**Exercise directions:**
Return, word for word, the lines running from the one that contains "Opel Vivaro 1.5 CDTI · Ano 2021" to the final line of the listing below.

**Supplied data:**
━━━━
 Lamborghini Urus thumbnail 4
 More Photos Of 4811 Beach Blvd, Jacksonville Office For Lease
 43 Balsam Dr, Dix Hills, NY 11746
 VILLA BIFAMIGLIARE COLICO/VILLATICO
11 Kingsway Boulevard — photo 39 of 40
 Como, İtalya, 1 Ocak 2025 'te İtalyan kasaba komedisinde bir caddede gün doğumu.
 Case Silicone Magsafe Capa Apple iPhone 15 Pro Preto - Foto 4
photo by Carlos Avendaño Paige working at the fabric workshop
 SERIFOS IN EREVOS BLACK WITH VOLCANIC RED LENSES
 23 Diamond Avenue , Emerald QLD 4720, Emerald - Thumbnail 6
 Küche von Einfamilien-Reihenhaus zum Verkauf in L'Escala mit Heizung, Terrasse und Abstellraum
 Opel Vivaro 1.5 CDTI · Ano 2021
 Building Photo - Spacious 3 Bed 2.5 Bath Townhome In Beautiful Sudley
━━━━
**Response box:**
 Opel Vivaro 1.5 CDTI · Ano 2021
 Building Photo - Spacious 3 Bed 2.5 Bath Townhome In Beautiful Sudley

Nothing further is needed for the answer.